Canissado
O delírio do canissado não acaba. Porque se acaba fica na retina da gente essa impressão violenta da festa bárbara. Grotesco boneco com corda à cinta, vai o mascarado em cabriolas hilares levado pelo povo contente que esquece as misérias que tem. Ressoam reboam os tambores nos tímpanos. E o ruído seguido é como um traumatismo sobre os nervos. A populaça passa num desvairado entusiasmo crescente que a aguardente desenfreia. Homens dos botes e das labutas da enxada, coladeiras, prostitutas de todas as idades, pobres almas ao desabrigo, batem palmas e gritam esganiçadas cantigas no ritmo pagão do canissado dessa noite de São João.
Cena
A bêbada grotesca dança e esganiça uma dança desvairada uma cantiga descompassada – qual lembrança ancestral dos serões do Congo! A garotada aplaude e grita e assobia a miserável preta que sua nessa cabriola doida ao sol, como um palhaço exótico que viesse fazer um número de se rir às gargalhadas mas que no fundo tivesse um quê de trágico e melancólico! Ao longe na esquina ficou sozinha a olhar uma criança pequenina – a filha da bêbada!…
NOTA
Os dois poemas encontram-se riscados a lápis no exemplar da Biblioteca Nacional do caderno datilografado Poemas do Livro Ambiente (Para a Leitura de José Osório de Oliveira e Baltazar Lopes), localizado na Praia e datado de 1939. Conforme a carta-prefácio deste caderno, ele destinava-se justamente à leitura crítica dos destinatários: “Há ainda seleção a fazer”, escrevia Jorge Barbosa; “guardo-a para depois das vossas sugestões”.
Há ainda outros dois poemas, “A menina da lenha” e “Emigrante”, não incluídos em Ambiente (1941), que encontraram neste livro melhor expressão em “A moça que foi ao batuque” ou “Prostíbulo”, tematicamente semelhantes ao primeiro, como em “Irmão”, que constituiu a versão definitiva de “Emigrante”.
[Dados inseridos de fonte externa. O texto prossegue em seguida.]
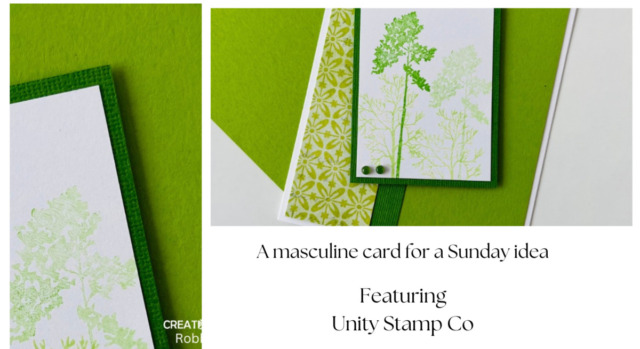 A masculine card for a Sunday idea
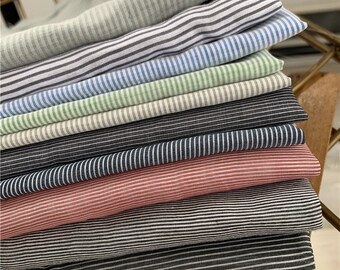 Brown and White Striped Traditional Silk and Cotton Fabric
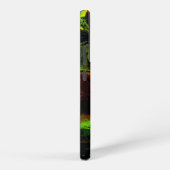 Yellow green pouring samsung galaxyケース (右側面)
O interesse de “Canissado” e de “Cena” deve-se, em particular, à possibilidade de testemunharem o processo de assimilação e superação do modelo proposto pelo Diário (1929) de António Pedro. Conforme ensinou Elsa Rodrigues dos Santos (1989), o próprio Jorge Barbosa, numa carta dirigida a Manuel Lopes, datada de 21 de outubro de 1933, em que partilha catorze poemas do futuro Ambiente, reconhecia que tinha este livro “uma intenção que [supunha] avizinhar-se da do António Pedro quando publicou Diário”.
A matéria que estes dois poemas podem suscitar, como a absolutamente necessária reedição do Diário de António Pedro, tem que ver, portanto, com a distinção, no âmbito do modernismo cabo-verdiano, 1) do futurismo concetual de João Lopes, 2) do presencismo crítico e plástico de Jaime de Figueiredo, 3) do provincianismo social e íntimo de Jorge Barbosa ou 4) do simbolismo tardio de António Pedro – que no Diário se tinge subitamente de paisagem povoada.
A revisão crítica do suposto surrealismo do Diário de António Pedro, como das acusações de racialismo e sensualismo (Manuel Ferreira) ou de leviandade turística no mesmo Diário (Manuel Ferreira) ou no “Proto-Poema da Serra d’Arga” (Alfredo Margarido), será desenvolvida noutro lugar. Aí se dará conta, por exemplo, da opinião de António Pedro sobre a poesia de Jorge Barbosa ou da irrupção de certos estereótipos denunciados por Manuel Ferreira nos próprios contos de Morna (1948), aliás reeditados em Terra Trazida (1972).
Quanto ao surrealismo que alguns leem no Diário, deve notar-se, desde logo, que o contacto produtivo com este movimento só acontecerá, em rigor, por 1935 e 1936, durante a jornada parisiense de António Pedro, da qual resultarão objetos como o Manifesto Dimensionista ou, poucos anos depois, o óleo “A ilha do cão” ou Apenas Uma Narrativa (ambos de 1941). O singularíssimo “Proto-Poema da Serra d’Arga” (1948) atesta que a paisagem surrealizada por António Pedro se situa no Minho, onde veio a estabelecer-se. Mas parece ser a partir do Diário cabo-verdiano que, nesta obra proteica, diferentes lugares geram diferentes estéticas.
A ortografia dos dois poemas de Jorge Barbosa foi atualizada; excetuou-se o termo “canissado”, que tem interesse filológico.